Repeat every line of the data exactly; the pictures stay out.

Pictures with short captions:
[Start of Attachment]
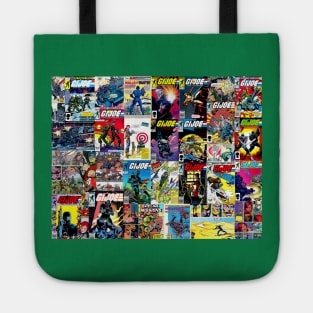 Joe Comics Tote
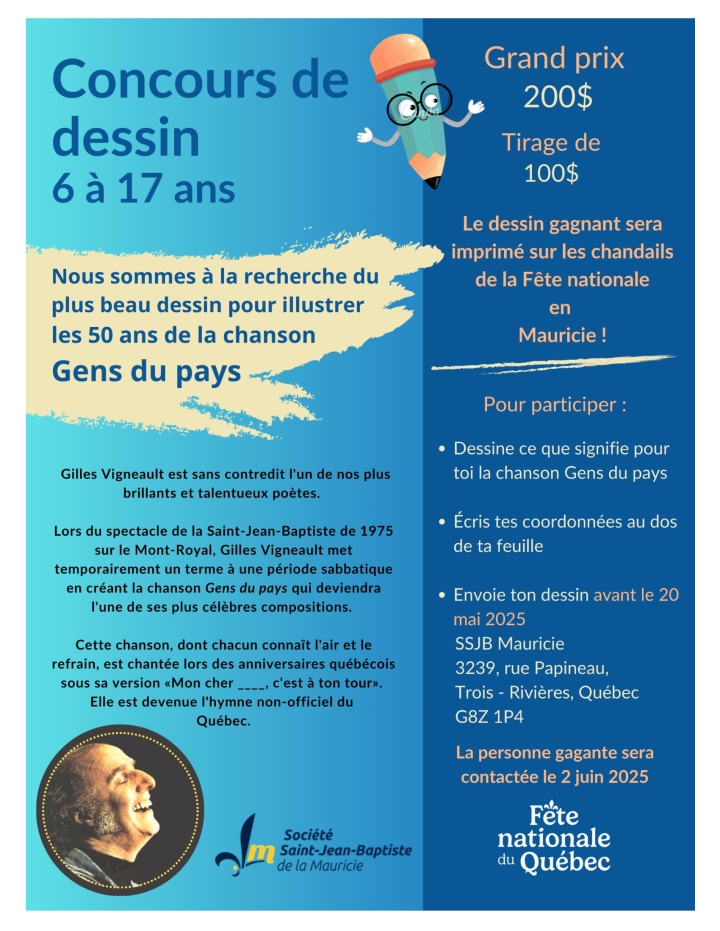 Concours de dessin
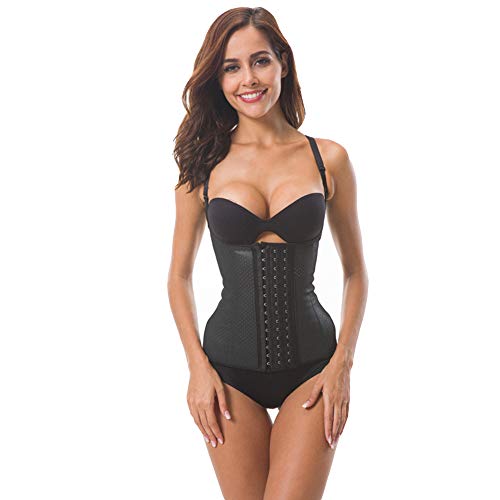 Serre-taille sous-poitrine contre les rondeurs abdominales avec gilet
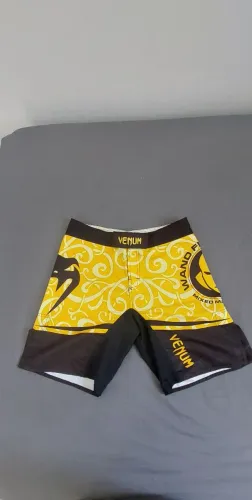 Bermuda Venum Wanderlei Silva UFC 139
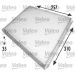 Valeo Filter, Innenraumluft VALEO ESSENTIAL 698702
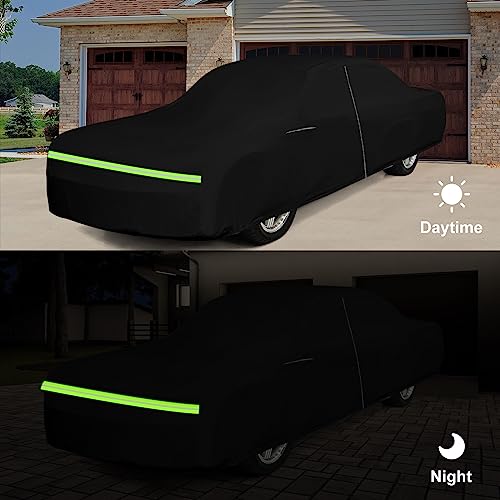 Waterproof Car Cover Compatible with Chevrolet Camaro 1982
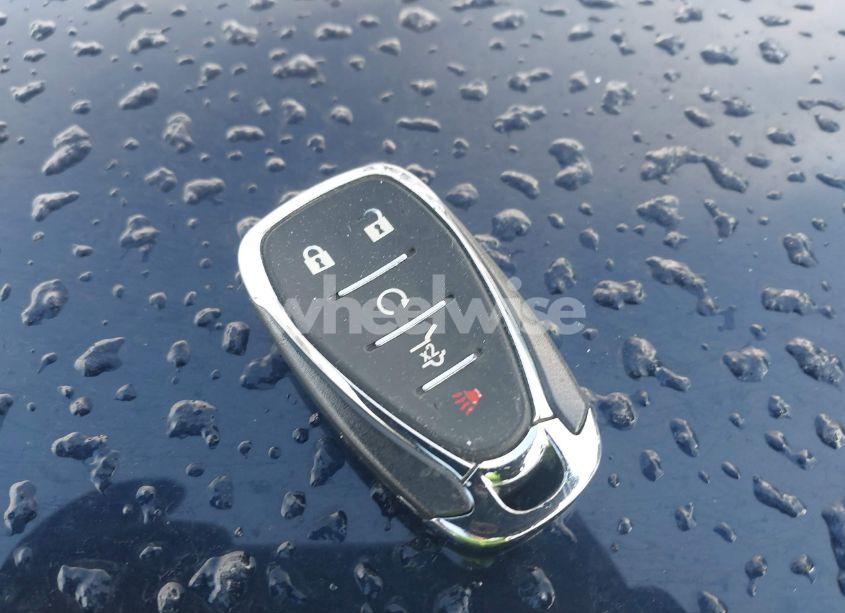 Photo 11 of 2020 Chevrolet Blazer FWD 2LT (VIN 3GNKBCRS5LS626513)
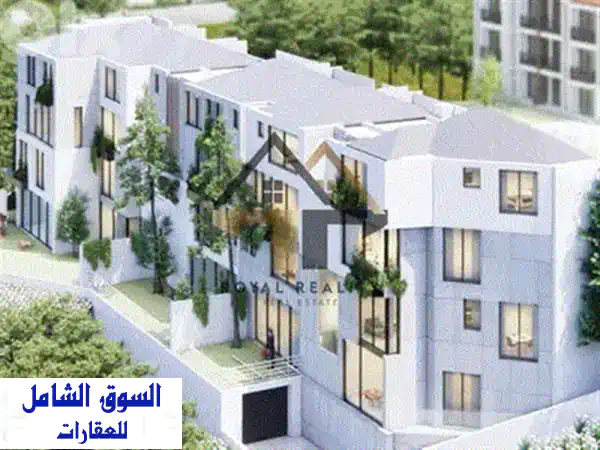 apartment for sale in jamhour OH شقة للبيع في جمهور  Apartments u0026 Villas For Sale  116764760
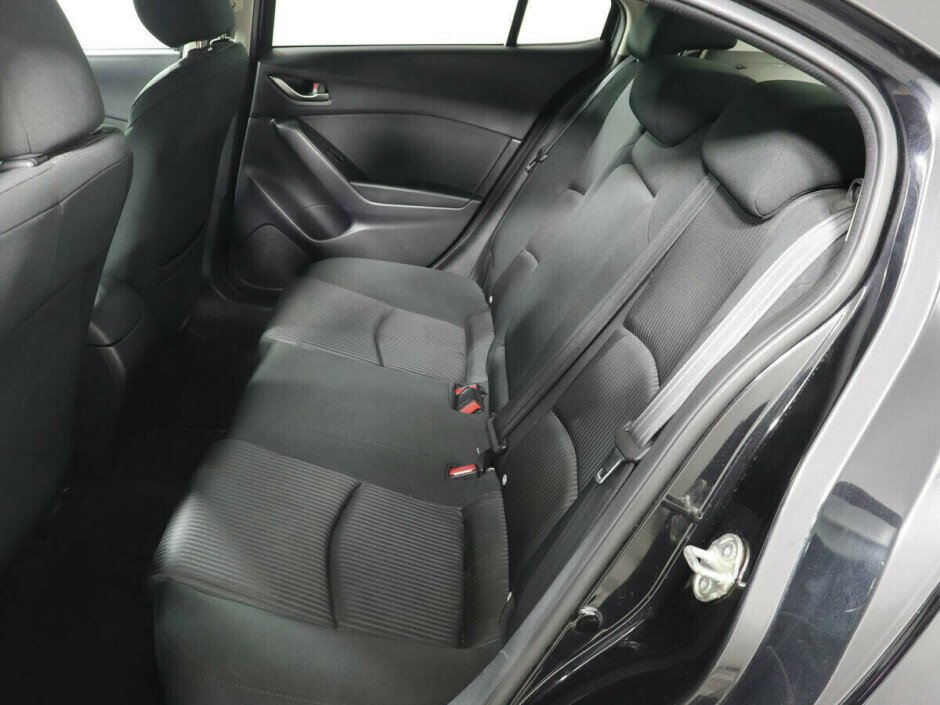 2014 Mazda 3  №6396774, Черный металлик, 684000 рублей - вид 10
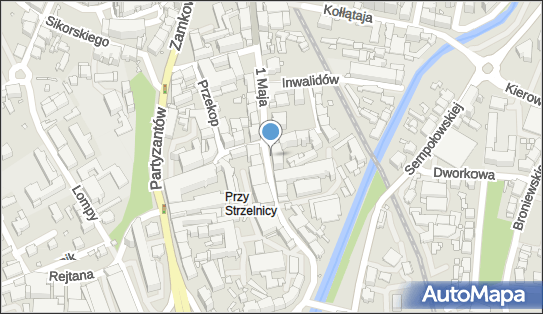 DPD Pickup Punkty, 1 Maja 17, Bielsko-Biała 43-300, godziny otwarcia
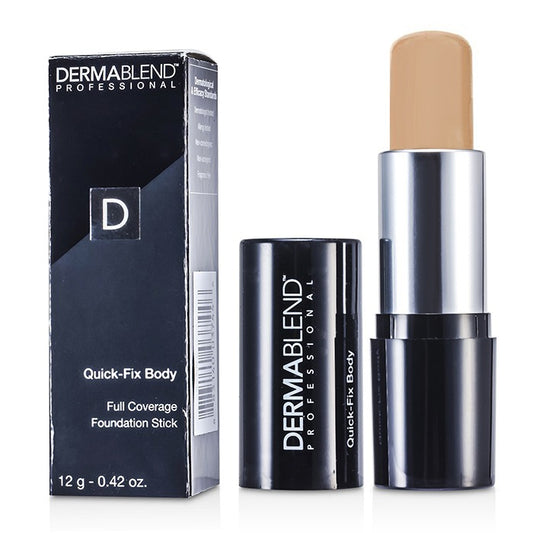 Dermablend Quick Fix Body Foundation Stick mit vollständiger Abdeckung - Karamell 12 g/0,42 oz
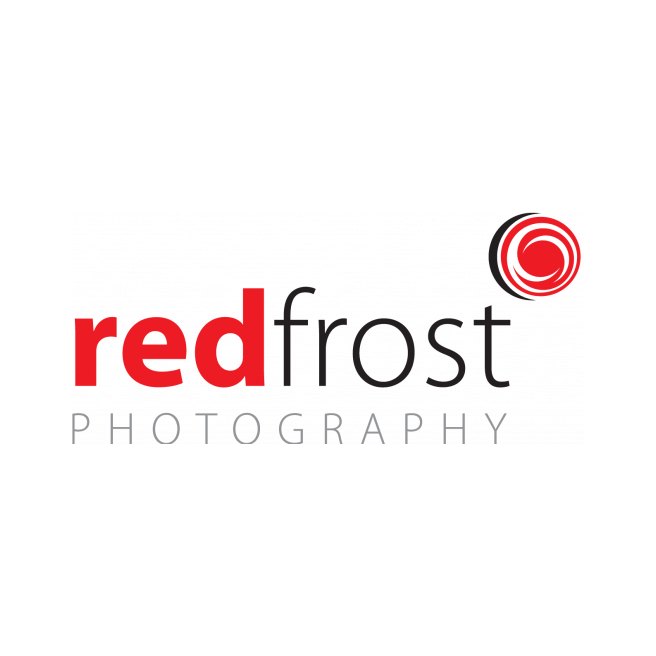 Red Frost photography logo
[End of Attachment]
YOUR SOLUTION –
 Joe Comics Tote
 Concours de dessin
 Serre-taille sous-poitrine contre les rondeurs abdominales avec gilet
 Bermuda Venum Wanderlei Silva UFC 139
 Valeo Filter, Innenraumluft VALEO ESSENTIAL 698702
 Waterproof Car Cover Compatible with Chevrolet Camaro 1982
 Photo 11 of 2020 Chevrolet Blazer FWD 2LT (VIN 3GNKBCRS5LS626513)
 apartment for sale in jamhour OH شقة للبيع في جمهور  Apartments u0026 Villas For Sale  116764760
 2014 Mazda 3  №6396774, Черный металлик, 684000 рублей - вид 10
 DPD Pickup Punkty, 1 Maja 17, Bielsko-Biała 43-300, godziny otwarcia
 Dermablend Quick Fix Body Foundation Stick mit vollständiger Abdeckung - Karamell 12 g/0,42 oz
 Red Frost photography logo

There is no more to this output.